- [Records supplied]:
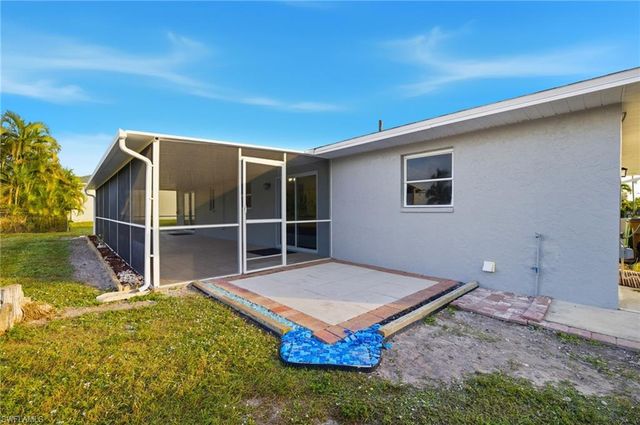 1145 SW 44th TER, Cape Coral, FL 33914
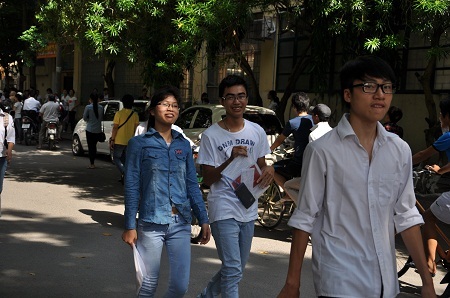 Đề thi vừa sức khiến các sĩ tử khá tự tin mình sẽ đỗ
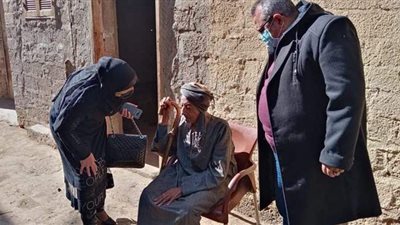 محافظ المنيا يكلف بتوفير الدعم لمسنة ترعى زوجها المريض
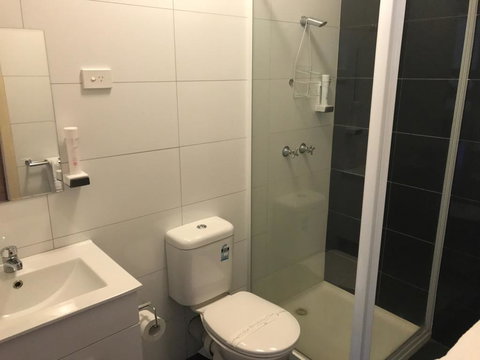 The Wharf Hotel - C Tourism 0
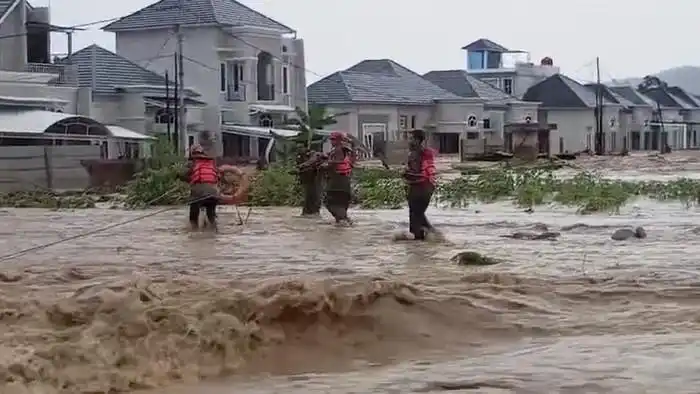 Hujan Lebat Picu Banjir di Dua Kecamatan Padang, Warga Dievakuasi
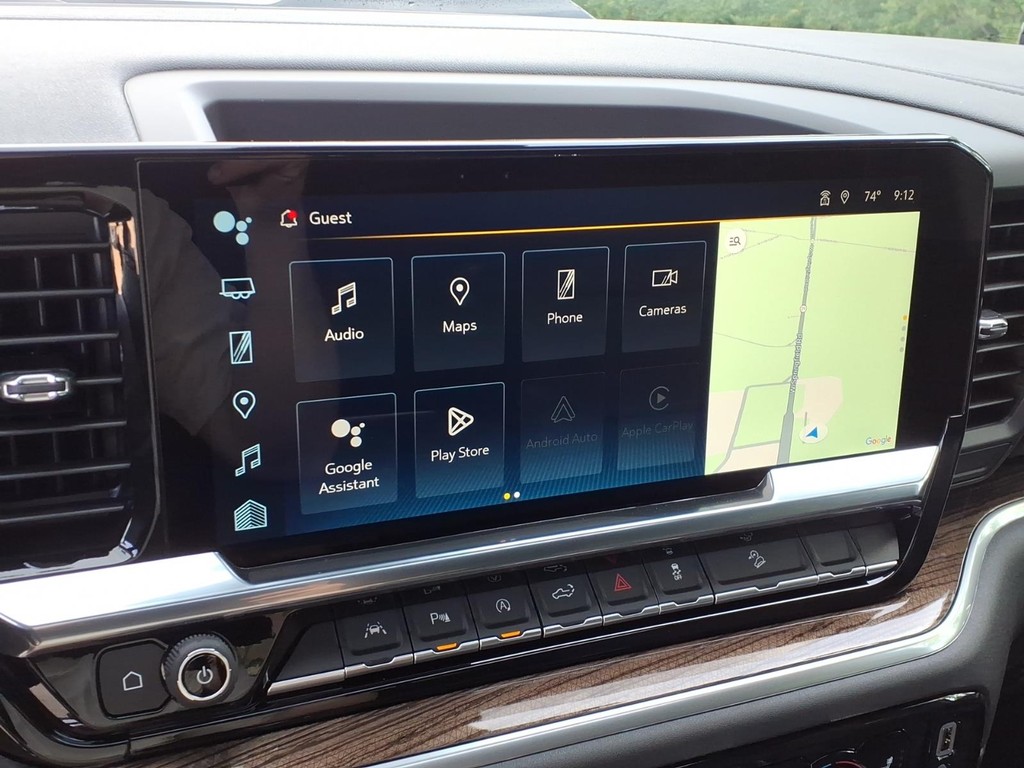 Chevrolet Silverado 1500 Vehicle Full-screen Gallery Image 13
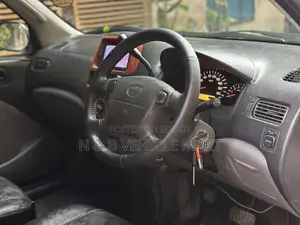 Toyota Raum 1999 Silver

- [Task statement]: Print the data again word for word, pictures excluded.

- [Response box]:
 1145 SW 44th TER, Cape Coral, FL 33914
 Đề thi vừa sức khiến các sĩ tử khá tự tin mình sẽ đỗ
 محافظ المنيا يكلف بتوفير الدعم لمسنة ترعى زوجها المريض
 The Wharf Hotel - C Tourism 0
 Hujan Lebat Picu Banjir di Dua Kecamatan Padang, Warga Dievakuasi
 Chevrolet Silverado 1500 Vehicle Full-screen Gallery Image 13
 Toyota Raum 1999 Silver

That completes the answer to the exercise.